The Mail refers to Ed Miliband constantly as ‘Mr. Miliband’ with David Cameron referred to in full. The use of ‘Mr’ can certainly be seen as belittling, which to an extent is fair enough as it is no secret that the Mail has right-wing leanings. The article constantly refers to his apparent rejection of ‘English votes for English laws’ which is actually never explicitly rejected by ‘Mr’ Miliband. This Miliband-bashing is nothing new to the Daily Mail, with an almost daily slew of slander coming his way. It is fine to not support or endorse Labour, but it is beggars belief that any paper that publishes an article entitled ‘Ed Miliband is WEIRD’ can be considered good journalism. The capital letters and sarcastic tone of writing undermines significantly Labour’s view on devolution to both Scotland – who should primarily be the focus in the political post-referendum sphere – and England.
It is obvious as to why Miliband avoids directly answering this question (should Scottish MPs have the vote on purely English issues?) as a large part of Labour’s MPs are Scottish based, yet nevertheless, I agree with the principle that Scotland’s devolution should be the government’s priority given that 45% of the Scottish population embraced independence and voted yes. This only lessens my respect for David Cameron, given his conditional and tactical addition of English devolution, alongside Scotland’s. To me, this appears as a result of Cameron’s near failure to maintain the Union, with Glasgow and Dundee voting in favour of independence, which if achieved, would have certainly seen his resignation.
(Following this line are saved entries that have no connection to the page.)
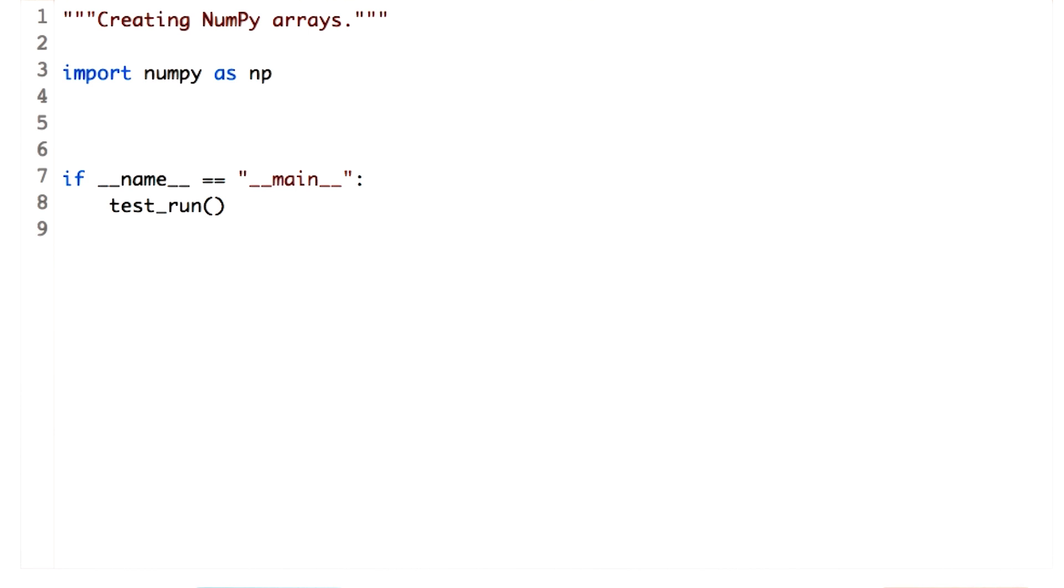Let's start with creating a one-dimensional array from known values. NumPy has an array function which can convert most array-like objects into an ndarray. ndarray means n-dimensional array.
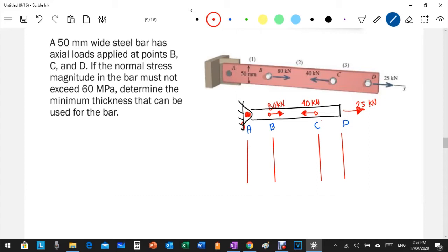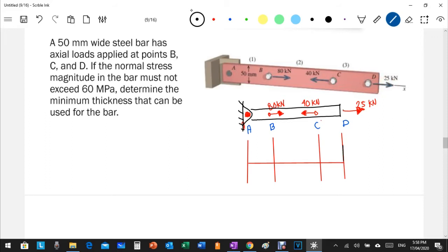The easiest way to compute internal forces for every section is by drawing an axial diagram. For our sign convention: tensile forces have a positive value and compressive forces have a negative value. Starting at point D, the 25 kilonewton force acts away from the point, so it is tensile — a positive value plotted upward.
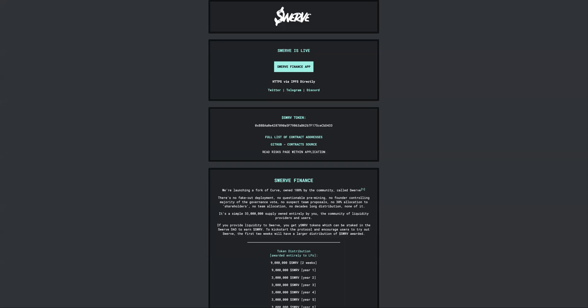What is up everyone, so you're here because you want to learn how to farm the Swerve token, the Swerve DAO token. This video is made to make the whole process easy so you can start farming some tokens.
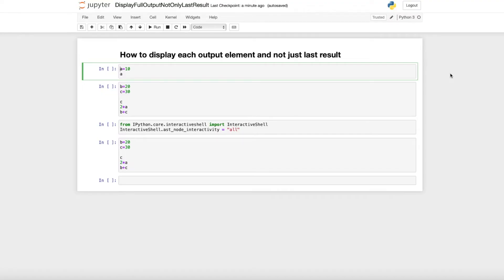Hi everyone! In this short Python tutorial, I'll explain how to display each output element and not only the last one.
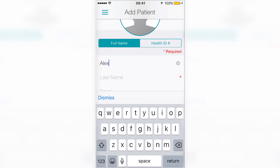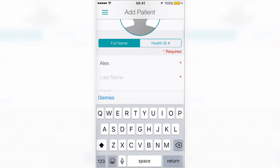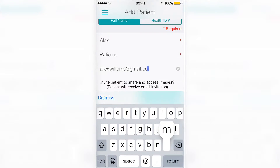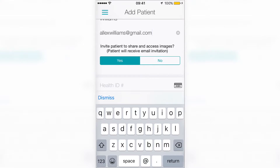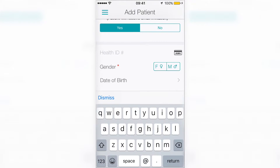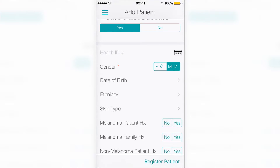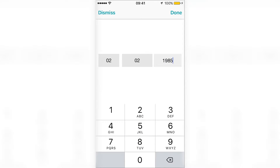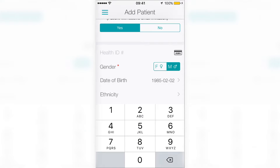If you want to invite your patient to have access to their images, please make sure you are entering a valid email address and selecting Yes on Invite Patient. You can scan the patient's health ID, type it in, or register them using their details such as full name and birth date.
English devolution is important, especially as currently the political focus is on London, but the inability of Scottish MPs to vote on English issues in Westminster would be unfair and also draw up further questions: should non-London MPs get to vote on London-centric issues and vice-versa? Similarly, how much time should be focused on London in Westminster etc. This is an obvious ploy by Cameron to reduce the influence of Labour, the main (barely) left-leaning party in parliament and leave England how the Tories would like it – right wing and conservative.
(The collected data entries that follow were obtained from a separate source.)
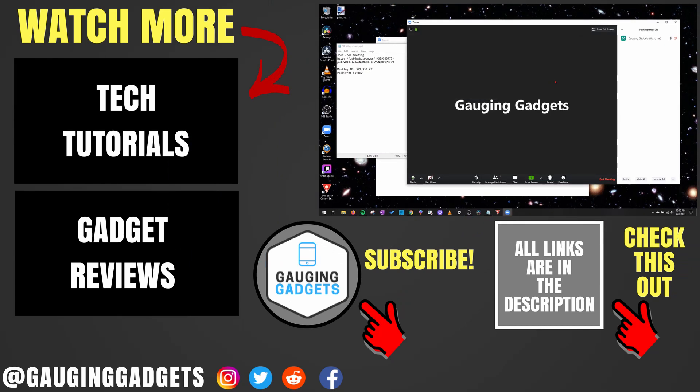If you have any questions about this, leave a comment below, I'll get back to you as soon as I can. If you'd like to see more Zoom tutorial videos, check the links in the description. If this video helped you, give it a thumbs up, and please consider subscribing to my channel, Gauging Gadgets, for more gadget reviews and tech tutorials. Thank you so much for watching.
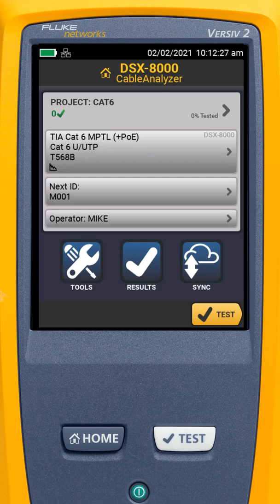Be sure to check out our other videos on how to get the most out of your Fluke Networks Versiv, whether you're testing copper or fiber.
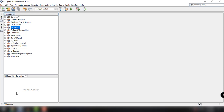Hey, what's up guys? Welcome back to our YouTube channel and welcome to this video. This is John from Zamax Code and in this video, we're going to talk about how to create a login application in JavaFX.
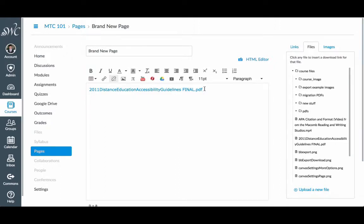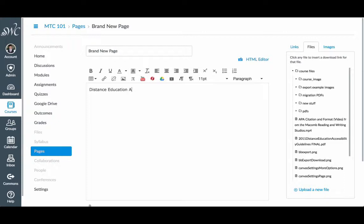If you'd rather use a customized name instead of the name of the document, simply type it, highlight it, and click on the document.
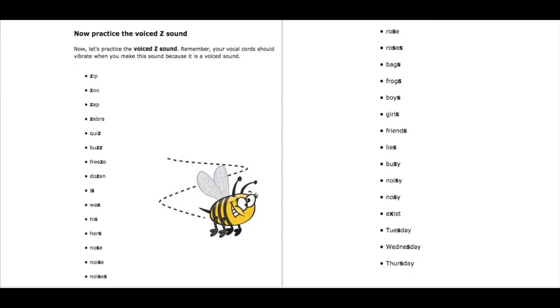Hello everyone, time to practice the Z sound. Now this one is a bit more difficult, okay? Remember, it takes more effort.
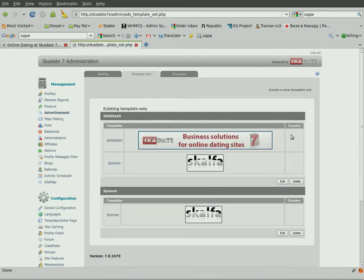The Template Sets section allows you to add the banners you want to rotate on a certain site position into one set. Even if you want there to be only one banner per placement, you will still need to create a set containing this one chosen banner.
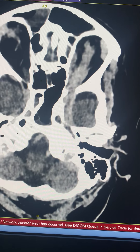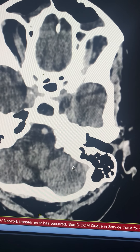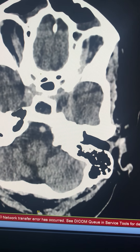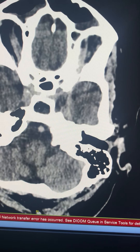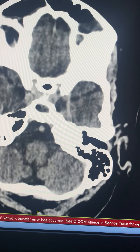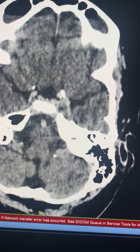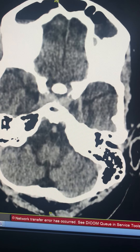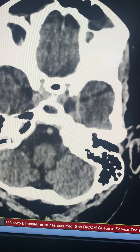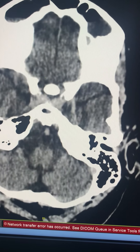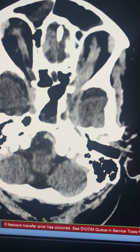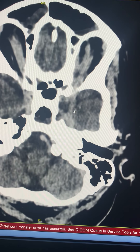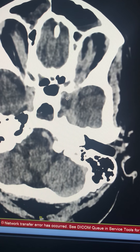Similarly, soft tissue is seen extending into the left cavernous sinus with some filling defects within. Going further cranially to look at the internal carotid arteries, there is a filling defect in the left ICA.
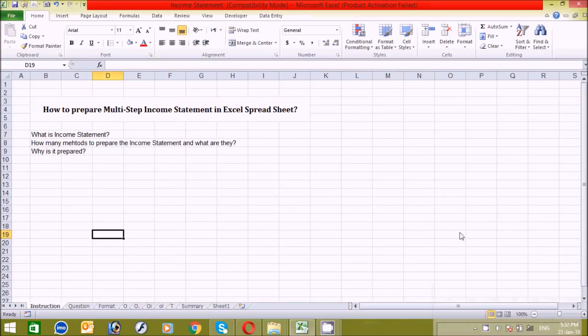Hello guys, how are you? First of all, I would like to thank you so much for helping me, supporting me, and motivating me by watching my videos and subscribing to my channel. Today I will help you with how to prepare an income statement using the multi-step income statement format in Excel, because a friend asked me how to prepare an income statement. If you have any questions, please ask me in the comment box below.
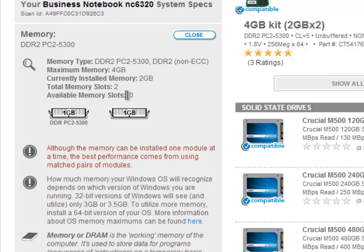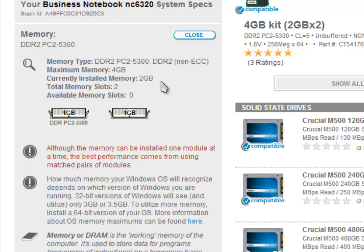So this is how you can find out the maximum amount of RAM that you can install on your computer. Once again, here's my results: currently installed memory is 2 gigabytes, and the maximum memory that I can add is 4 gigabytes. So I'm allowed to add two more gigabytes to make my computer better.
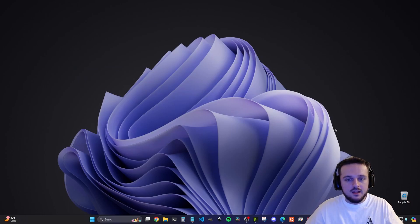What's up everybody? It's Jermaine Harris here and today I'm going to be showing you how to install a LAMP stack on your Windows 11 computer. We're going to be using WSL to do this.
To me, this only stresses the importance of an awareness of what the papers want you to believe, and in no way am I suggesting that the Guardian is unbiased, yet in this case, I feel it offers a fairer and more comprehensive analysis of the current situation. The devolution question raises countless others, and it will be interesting to see how it develops over the coming days and weeks especially considering Cameron’s reneging on pre-referendum promises which is doing nothing to help the reputation of parliament, politicians or the Conservatives.
(Note: I appreciate the Daily Mail cannot really be considered a broad-sheet or even a well-respected publication, yet I chose it as so many people read it everyday.)